I went on to take that code and get it mechanically wired up in a way that split it into a "console kernel" which would make deliberate transitions to calling the usermode "skin" code--and hence be able to gracefully recover from errors, vs. infinite loop or crash out. For example:
>> system/console/print-prompt: does [write-stdout "--ok-->> "] == make action! [ [...]] --ok-->> system/console/print-prompt: does [write-stdddout "--oops!--> "] ** UNSAFE ERROR ENCOUNTERED IN CONSOLE SKIN ** Script Error: write-stdddout has no value ** Where: print-prompt console ** Near: [write-stdddout ~~ "--oops!--> "] ** Line: 1 ** REVERTING TO DEFAULT SKIN >>
(Note: the current error is a bit more verbose than that because it's trying to be informative for debugging of console internals, but I'll cut it down.)
Despite running with a lot of userspace code, the console is designed so it can be phased in such a way that when you do things like a debug trace (also written in usermode) you won't wind up tracing through the console as well. (Unless you want to--but most people wouldn't, they want to trace their own code.) Because of how it's done, you also don't see a ton of implementation stacks for the console in your backtrace...the console exits its "usermode kernel" portion long enough to run skin or user requests through the libRebol API with no kernel on the stack, and then re-enters the kernel after it's done.
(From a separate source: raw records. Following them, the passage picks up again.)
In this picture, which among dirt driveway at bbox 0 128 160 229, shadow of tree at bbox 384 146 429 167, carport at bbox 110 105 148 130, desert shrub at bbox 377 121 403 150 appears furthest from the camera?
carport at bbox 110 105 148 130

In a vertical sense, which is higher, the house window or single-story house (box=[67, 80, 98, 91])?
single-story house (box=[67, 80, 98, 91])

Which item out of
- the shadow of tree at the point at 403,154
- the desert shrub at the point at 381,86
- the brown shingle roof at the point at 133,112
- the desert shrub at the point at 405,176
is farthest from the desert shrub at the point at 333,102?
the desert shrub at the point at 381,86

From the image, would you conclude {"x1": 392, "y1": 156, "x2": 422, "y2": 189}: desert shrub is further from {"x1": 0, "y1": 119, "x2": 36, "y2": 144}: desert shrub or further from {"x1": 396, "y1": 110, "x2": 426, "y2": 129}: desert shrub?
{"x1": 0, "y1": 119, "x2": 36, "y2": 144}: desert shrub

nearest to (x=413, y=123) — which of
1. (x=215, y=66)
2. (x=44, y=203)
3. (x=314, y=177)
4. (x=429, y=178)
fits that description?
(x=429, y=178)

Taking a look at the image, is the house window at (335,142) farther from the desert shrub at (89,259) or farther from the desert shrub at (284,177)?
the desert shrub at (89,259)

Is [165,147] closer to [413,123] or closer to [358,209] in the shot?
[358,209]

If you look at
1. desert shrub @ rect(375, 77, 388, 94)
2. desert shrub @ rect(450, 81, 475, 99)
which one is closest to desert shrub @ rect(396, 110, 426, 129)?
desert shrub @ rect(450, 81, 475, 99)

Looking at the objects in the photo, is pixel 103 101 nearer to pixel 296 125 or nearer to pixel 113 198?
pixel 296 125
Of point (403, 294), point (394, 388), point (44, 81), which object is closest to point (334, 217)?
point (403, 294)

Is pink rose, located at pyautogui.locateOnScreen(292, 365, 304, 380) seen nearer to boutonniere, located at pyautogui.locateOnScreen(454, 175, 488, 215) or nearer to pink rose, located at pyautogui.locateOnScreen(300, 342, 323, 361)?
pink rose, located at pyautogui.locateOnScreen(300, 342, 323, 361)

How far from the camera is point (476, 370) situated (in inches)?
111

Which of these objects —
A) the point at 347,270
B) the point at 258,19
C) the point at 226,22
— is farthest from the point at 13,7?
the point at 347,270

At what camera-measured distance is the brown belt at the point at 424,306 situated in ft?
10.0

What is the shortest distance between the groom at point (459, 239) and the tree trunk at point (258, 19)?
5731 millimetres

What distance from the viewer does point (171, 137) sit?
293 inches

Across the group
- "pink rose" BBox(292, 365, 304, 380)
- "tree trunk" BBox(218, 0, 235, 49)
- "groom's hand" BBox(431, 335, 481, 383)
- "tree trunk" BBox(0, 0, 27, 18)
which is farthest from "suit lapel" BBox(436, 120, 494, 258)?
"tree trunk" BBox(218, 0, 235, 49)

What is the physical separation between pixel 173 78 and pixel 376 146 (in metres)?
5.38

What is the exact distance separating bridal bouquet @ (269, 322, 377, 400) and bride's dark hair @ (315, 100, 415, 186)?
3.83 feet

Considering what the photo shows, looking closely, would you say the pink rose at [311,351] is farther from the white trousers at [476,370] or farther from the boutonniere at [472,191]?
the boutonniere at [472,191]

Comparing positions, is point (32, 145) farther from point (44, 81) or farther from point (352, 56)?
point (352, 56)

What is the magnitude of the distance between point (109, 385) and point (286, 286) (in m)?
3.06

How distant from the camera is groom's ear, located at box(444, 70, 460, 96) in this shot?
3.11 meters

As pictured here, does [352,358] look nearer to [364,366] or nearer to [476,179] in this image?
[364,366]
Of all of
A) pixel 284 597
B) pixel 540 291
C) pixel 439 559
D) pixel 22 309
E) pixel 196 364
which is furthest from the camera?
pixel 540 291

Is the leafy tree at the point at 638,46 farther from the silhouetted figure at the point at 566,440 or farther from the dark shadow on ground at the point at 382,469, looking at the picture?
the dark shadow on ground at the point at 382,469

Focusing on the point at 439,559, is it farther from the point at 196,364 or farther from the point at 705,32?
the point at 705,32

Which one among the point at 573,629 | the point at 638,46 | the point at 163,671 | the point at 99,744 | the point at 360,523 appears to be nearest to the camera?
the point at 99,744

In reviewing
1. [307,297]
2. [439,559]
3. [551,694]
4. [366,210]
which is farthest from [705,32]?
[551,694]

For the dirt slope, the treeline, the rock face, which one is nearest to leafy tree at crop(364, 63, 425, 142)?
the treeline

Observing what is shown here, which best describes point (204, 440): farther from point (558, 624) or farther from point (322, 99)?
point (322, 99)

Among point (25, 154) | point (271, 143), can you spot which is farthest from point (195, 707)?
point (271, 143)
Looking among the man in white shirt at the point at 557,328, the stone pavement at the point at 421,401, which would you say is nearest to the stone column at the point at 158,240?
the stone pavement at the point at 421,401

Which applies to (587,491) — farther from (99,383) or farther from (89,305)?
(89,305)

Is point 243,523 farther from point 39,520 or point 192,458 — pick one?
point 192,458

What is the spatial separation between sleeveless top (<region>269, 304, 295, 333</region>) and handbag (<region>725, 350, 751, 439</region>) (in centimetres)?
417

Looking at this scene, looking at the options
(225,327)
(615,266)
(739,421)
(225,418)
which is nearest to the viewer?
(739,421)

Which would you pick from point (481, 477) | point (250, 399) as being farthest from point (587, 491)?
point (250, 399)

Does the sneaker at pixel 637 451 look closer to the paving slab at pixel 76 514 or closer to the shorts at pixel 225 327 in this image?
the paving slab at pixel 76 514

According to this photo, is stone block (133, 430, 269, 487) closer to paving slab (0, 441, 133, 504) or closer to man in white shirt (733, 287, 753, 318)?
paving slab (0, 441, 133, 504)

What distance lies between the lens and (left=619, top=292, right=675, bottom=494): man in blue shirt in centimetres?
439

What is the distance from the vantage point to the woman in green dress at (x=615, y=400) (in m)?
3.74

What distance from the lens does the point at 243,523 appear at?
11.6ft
Laying the groundwork for doing this correctly is intended to make it possible to let the console be hookable for all kinds of tasks, whether that's debugging and needing to show you stack levels and bind stack frames...or anything else! That includes a tutorial console, that checks what you typed and the result you got to see if you should go to the next step!
And now... the web REPL uses it too!
In quite a nifty achievement for the console, it is now live in the web demo!
For the moment, that means you can even use the conventional multi-line-by-hitting-enter mode, instead of Shift-Enter. Really it should kick you over into the web's multiline editor ability...but that should be easier to do as an aspect of the console extension, it's all usermode code!
Here's a little counting console:
>> count: 0 == 0 >> system/console/print-prompt: does [ [\ count: count + 1 [\ write-stdout unspaced [count ">> "] [\ ] == make action! [ [...]] 1>> print "A counting prompt!" A counting prompt! 2>>
You can imagine being able to flip your console mode around to all kinds of things... changing the bindings, being dialected. (The debugger will have a frame it is "focused" on and show you the focus, but then use that frame for binding of expressions--for instance.) Timing prompts could show you how long each command took, or just hook each command prompt to make the timing so you could ask for it retroactively if you ever cared...
It doesn't have cancellation yet (and if it did, it probably would want to be Escape vs. Ctrl-C). Such things are actually rather complex to do--but of course, solving it is planned for and in the works.
This is really neat to see, hopefully people want to pitch in and make this better. This isn't C code, so no excuses!